Six by Sondheim is an HBO television documentary which pays tribute to Broadway composer and lyricist Stephen Sondheim. The film was directed and co-produced by James Lapine, based on an idea by Frank Rich and "centers on the backstory of six great Sondheim songs".

==Film==
The film has performances of six of Sondheim's signature songs:

1. "Something's Coming" (West Side Story),
2. "Opening Doors" (Merrily We Roll Along),
3. "Send in the Clowns" (A Little Night Music),
4. "I'm Still Here" (Follies),
5. "Being Alive" (Company) and
6. "Sunday" (Sunday in the Park with George).

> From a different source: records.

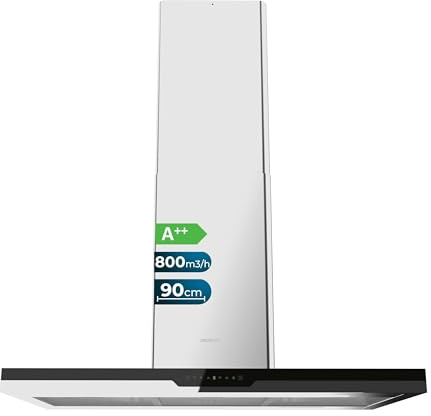 Cecotec Insel-Dunstabzugshaube 90 cm Bolero Flux Ict 908000 Glass Black A++. Schwarze Glasoptik, Saugleistung 800 m³/h, 210-W-Motor, Touch-Steuerung, Kohlefilter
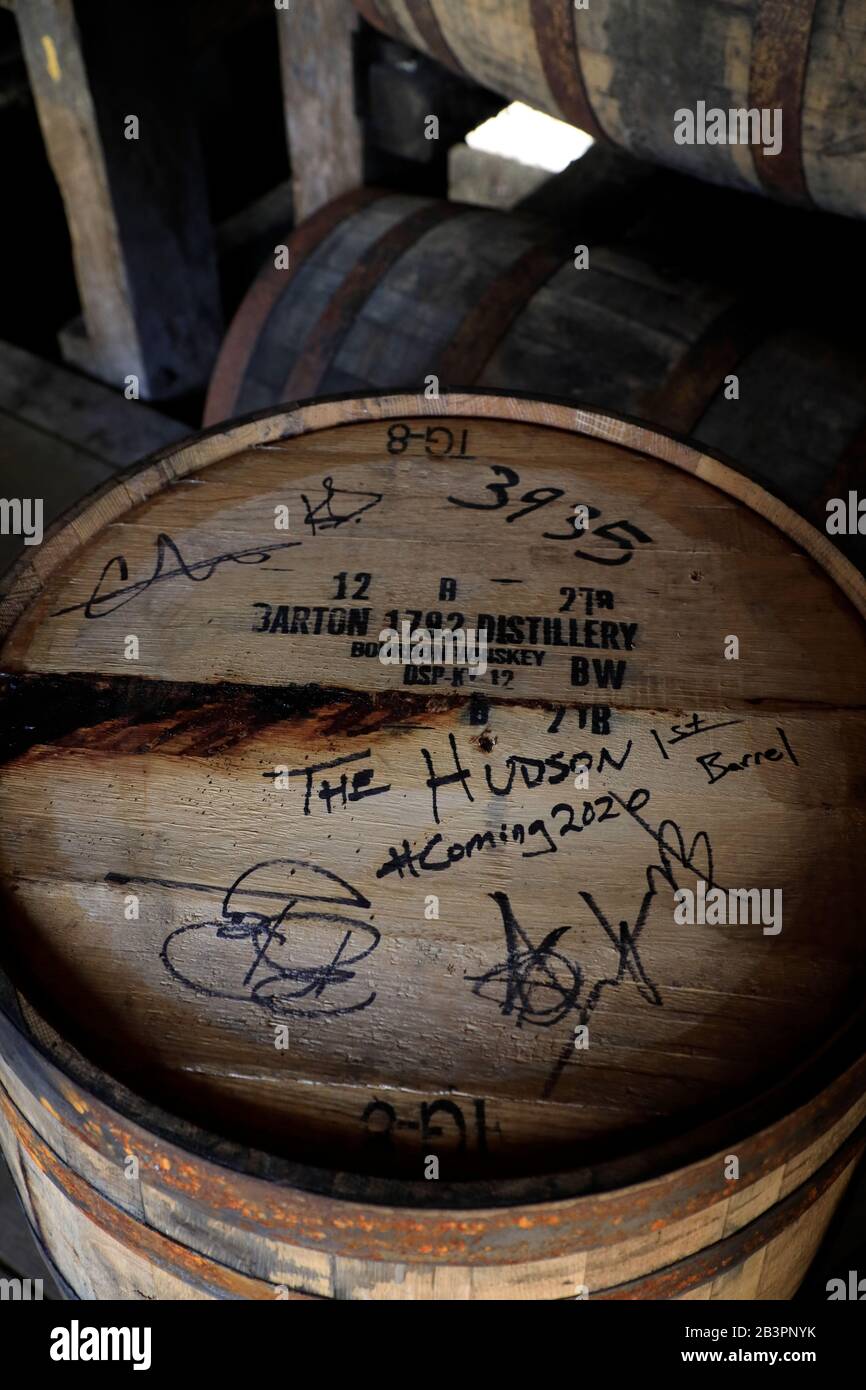 A signed barrel of Bourbon Whiskey stored in the warehouse rack house of Barton 1792 distillery. Bardstown.Kentucky.USA Stock Photo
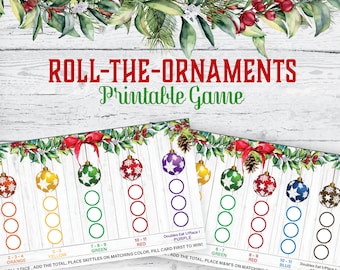 Roll The Ornaments (PRINTABLE GAME)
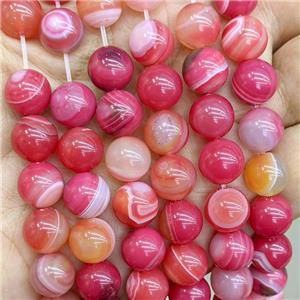 Natural Stripe Agate Beads Red Dye Smooth Round, approx 10mm [GA3583-10MM]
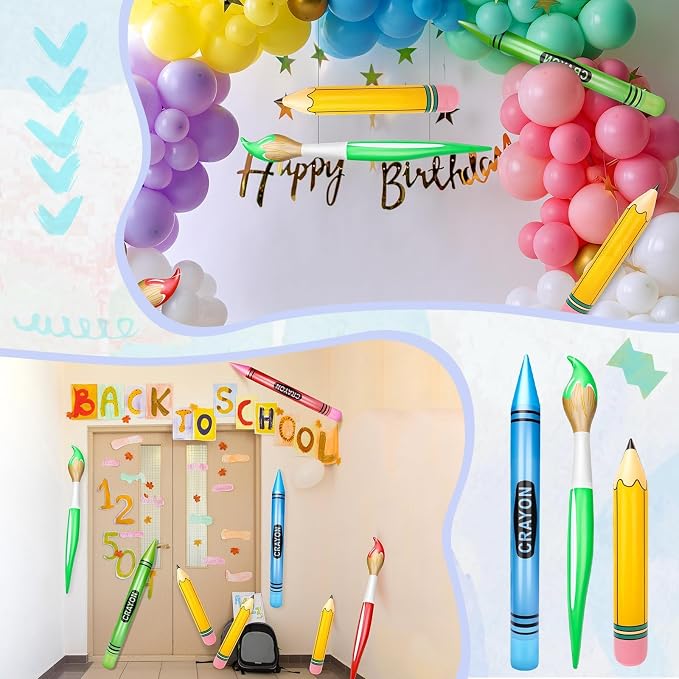 SAYAYA 8 Pcs Large Inflatable Pencil Balloons Set Jumbo Inflatable Crayons - Image 6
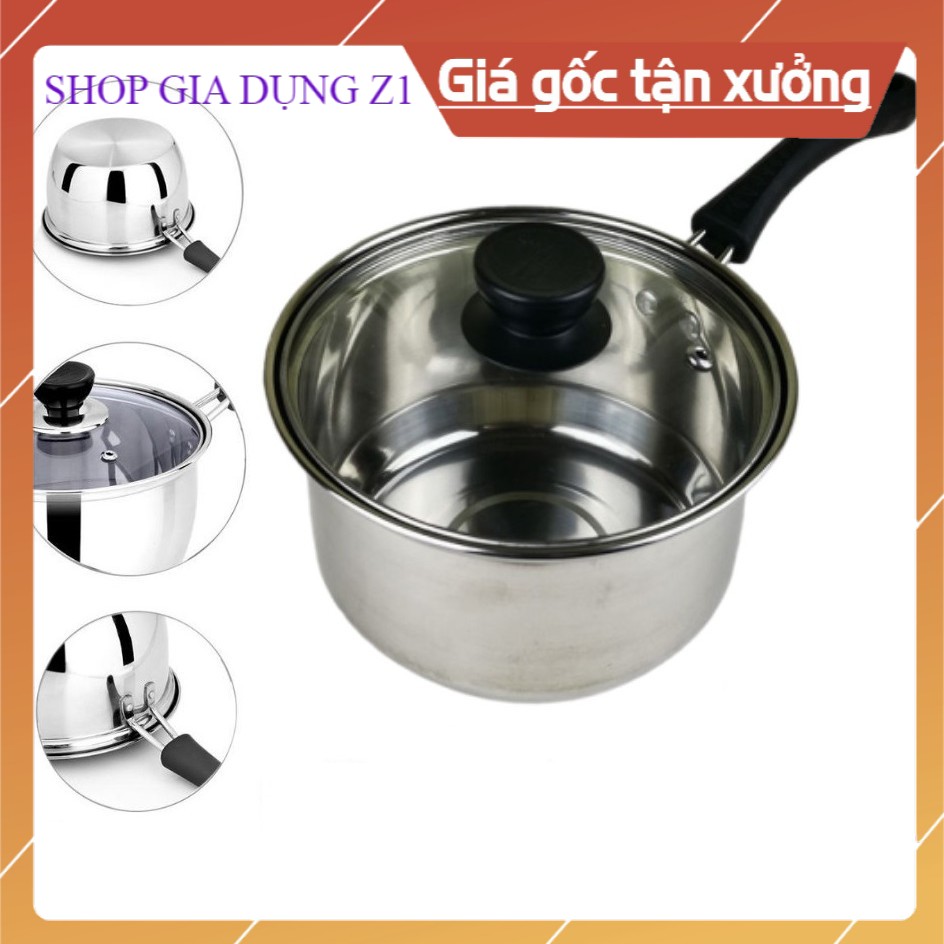 Nồi Nấu Bột, Nấu Cháo Đồ Ăn Dặm Cho Bé Inox 304 Size 18Cm Dày Dặn, Cao Cấp - Z1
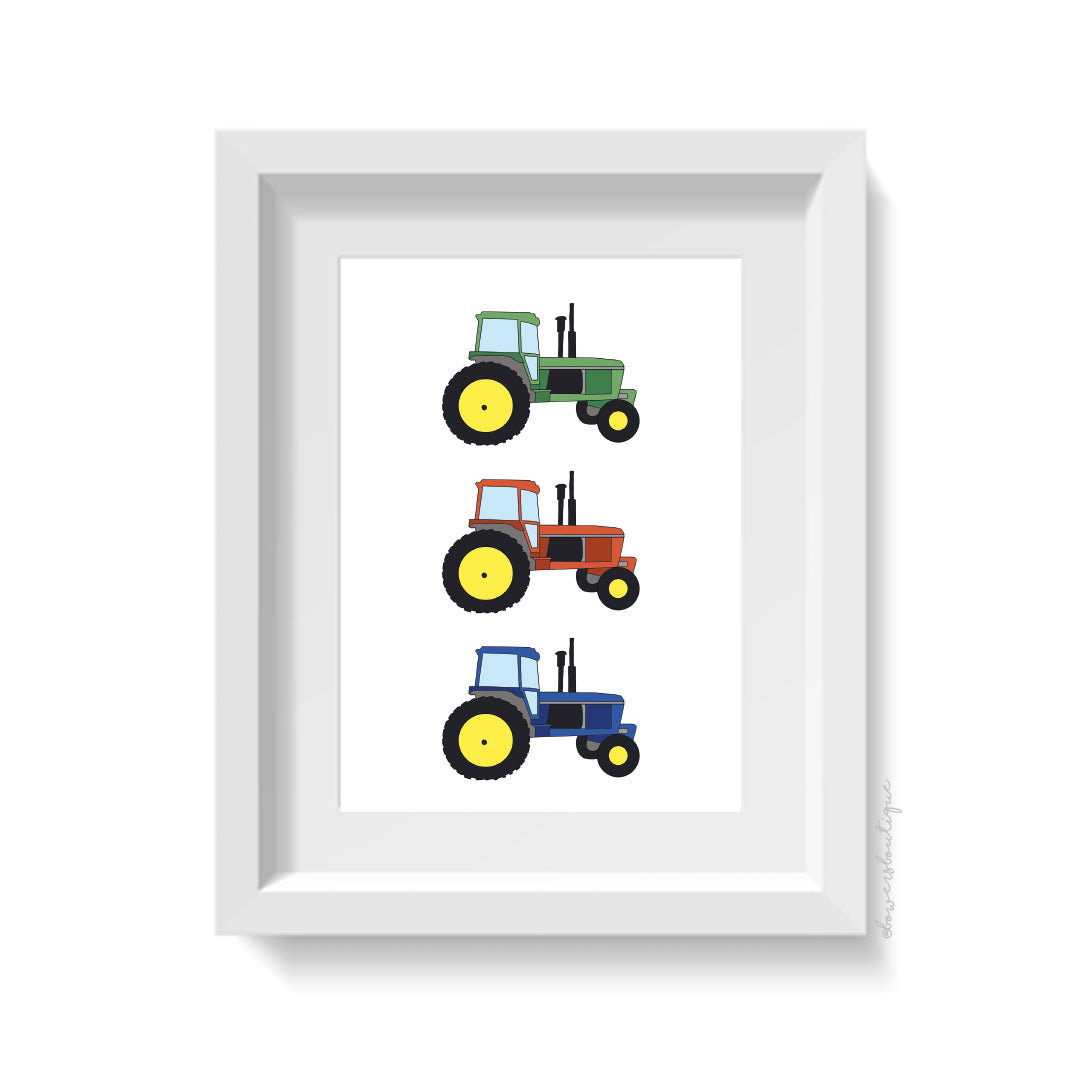 Three Tractors Print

In the documentary, Sondheim himself performs along with Audra McDonald, Jeremy Jordan, Darren Criss, America Ferrera, Jackie Hoffman and Laura Osnes. The documentary contains archival footage as well as footage shot for a revue of Sondheim's music that played on Broadway in 2010 titled Sondheim on Sondheim.

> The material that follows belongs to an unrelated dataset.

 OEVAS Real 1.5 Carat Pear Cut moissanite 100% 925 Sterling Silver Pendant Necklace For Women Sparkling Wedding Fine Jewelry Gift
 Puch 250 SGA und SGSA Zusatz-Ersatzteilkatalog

The documentary consists of both original short films of several of the songs plus existing material. For example, Lapine directed the part on "Opening Doors" which features Criss, Jordan, Ferrera, and Osnes; Todd Haynes directed the film on "I'm Still Here" which has Jarvis Cocker; and Autumn De Wilde directed McDonald and Will Swenson in "Send in the Clowns." The film was edited by Miky Wolf who gave an interview to The Red Room Podcast on episode 68. This interview was then published in the Summer 2014 The Sondheim Review.

==Reception==
National Public Radio highly recommended the documentary stating that Six is "a superbly compiled work, overseen by two of the people most intimately familiar with the composer himself...If you're new to the works of Stephen Sondheim, this TV special should entice you. If you're already a fan, it should delight you." TV Guide stated, "Sondheim exults in the 'agonizing fun' of his craft. We can only marvel at the results." The documentary was one of several Peabody Award winners in 2014.